# Shade ground cover nectar



## NJBeeVet (Jan 3, 2019)

Hi all, I think it's a lot of fun to plant for bees and I like the maximize every niche in my yard. I have a large section of shady ground and I wanted to try to see if I could make it attractive for the honeybees. So far my one plant idea is prunella (self heal). Creeping Charlie and violets are already there but I'd like something that blooms later in the year. Any other suggestions for this kind of area?


----------



## Kuro (Jun 18, 2015)

English ivy is #1 bee-friendly shade tolerant late bloomer here but probably you do not want it (invasive). Winter heath and Christmas rose (hellebore) can be grown in part shade but I don’t know whether they start blooming in fall or wait until early spring in your Zone. Not a ground cover, but Japanese anemone in part shade can attract honey bees. I have seen autumn crocus in part shade and fall blooming hardy cyclamen in deep shade (not quite sure how attractive they are to honey bees).


----------



## Bee Arthur (Mar 21, 2015)

As Kuro said, you don't want English ivy. Speaking from experience, English ivy spreads like wildfire and is nearly impossible to kill. On top of that, I never saw any bees on mine, which was along a forest edge in a shaded area.


----------



## NJBeeVet (Jan 3, 2019)

Yup I'm actively getting rid of English ivy.

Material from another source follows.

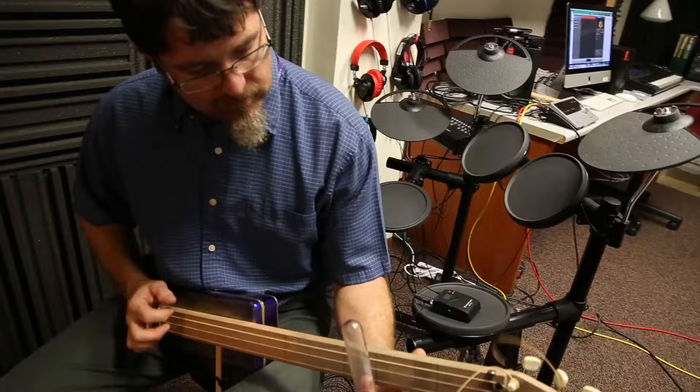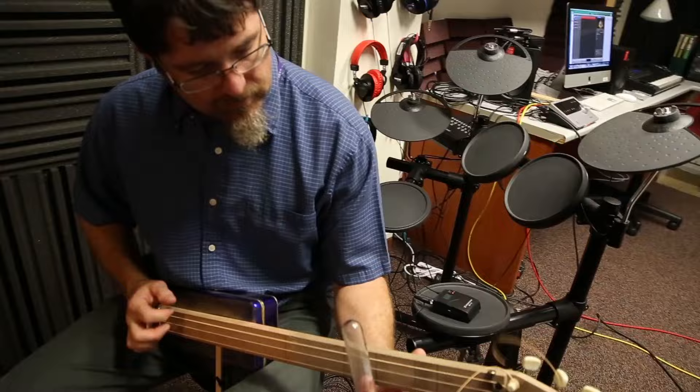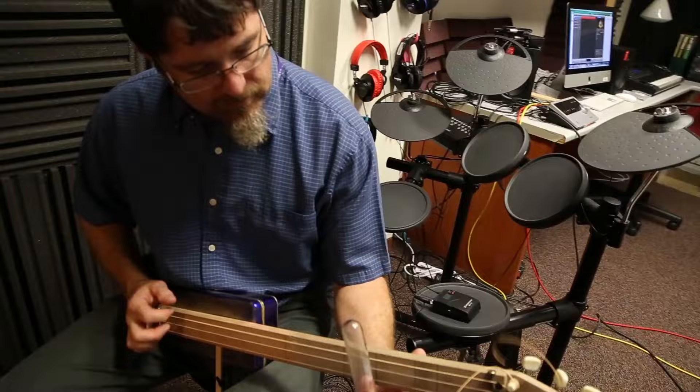This is our new instrument. We built this yesterday. It is a three-string hobo guitar using a cookie tin for the resonator, and we borrowed some hardware off a broken guitar. A standard three-string cigar box guitar, essentially, but made with a cookie tin because I couldn't get a cigar box in 2016.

The only flowering form is when it's mature on a tree anyway. Too bad clover can't compete in the shade


----------



## Murdock (Jun 16, 2013)

some of the Sedum likes shade...probably trailing variety; also known as stonecrop.


----------



## Kevinf (Oct 2, 2019)

I give a second to the hellebore suggestion although I don't know the specific variety. A neighbor has some and the bees cover it really well. I'm looking to plant some myself as it is a late season bloomer


----------